Here are some articles on folksonomy that I found in a reading list on the Indiana University School of Library and Information Science website.
Peterson, E. (2006). Beneath the metadata: some philosophical problems with folksonomy. D-Lib Magazine, 12(11).
Vander Wal, T. (2007). Folksonomy coinage and definition.
Quintarelli, E. (2005). Folksonomies: power to the people
Mathes, A. (2004). Folksonomies: cooperative classification and communication through shared metadata.
Golder, S. A. & Huberman, B. A. (2006). Usage patterns of collaborative tagging systems. Journal of Information Science, 32(2). 198-208.
Intranet 2.0: the need for ‘lean intranets’ « manIA has some sensible advice on keeping an Intranet efficient and functional. I was drawn to the section where Patrick Walsh discusses “controlled folksonomies”, a phrase he attributes to Christina Wodkte. Essentially, you let content contributors choose their own tags, but prompt them with suggestions. Presumably, people are far more likely just to use the existing tags (thus preserving the underlying controlled vocabulary) most of the time, because it is easier than making up their own. He implies that people could use terms not in the CV, but not what would become of those tags. If they get added to the CV automatically, you would lose the control element as mis-spellings and ambiguous terms etc would slowly creep in. To keep the CV tidy would require some ongoing editorial work. For one of the CMSs used at the BBC, there are rules – once a folksonomic tag has been used a certain number of times, it gets sent to the IA team who can then add it to the core CV if they think it will be useful. Presumably, you also need someone to produce an initial CV in the first place.
A Journey In Social Media: A Breakthrough In Taxonomy? A discusssion of the pros and cons of folksonomies and taxonomies, with the debate categorised as being between the traditionalists and the emergents.
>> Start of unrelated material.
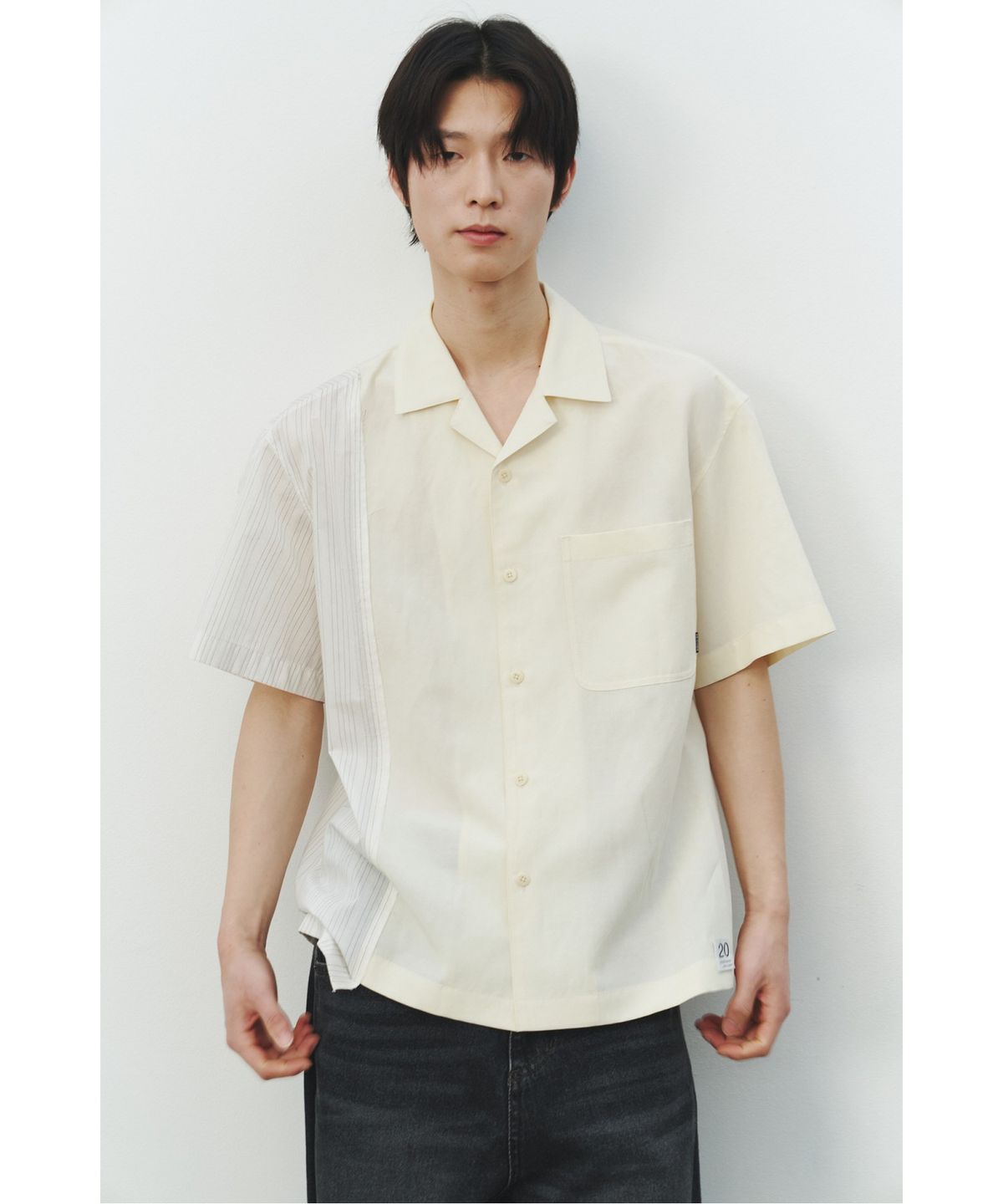 래코드(RECODE) Garment Patch Capri Shirt_RKSAM25613BEX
The writer is at a large company and promises updates on the taxo/folkso divide there.
Pace layering in ia is a paper by D. Grant Campbell and Karl V. Fast from the Faculty of Information and Media Studies, University of Western Ontario. They bring pace layering theories from ecology and environmental science into information architecture, viewing ia as an “ecology”. Basically, ecologists have noted that events occurring over different timescales interact to affect an environment – something like the lowering of the water table would be a slow event, but a flash flood would be a fast event. Only by looking at the ways these differently “paced layers” interact, can you predict how the local environment will respond. They propose that the underlying ia of website, with taxonomies and embedded nvigation structures etc., is a slow layer but that folksonomies bubble away as a fast layer of the site, changing rapidly and responding quickly. They suggest that the most stable structure will be one that can accommodate both fast-moving and slow-moving layers and that the slow layer must be robust and flexible enough to adjust itself to pressures from the fast layer.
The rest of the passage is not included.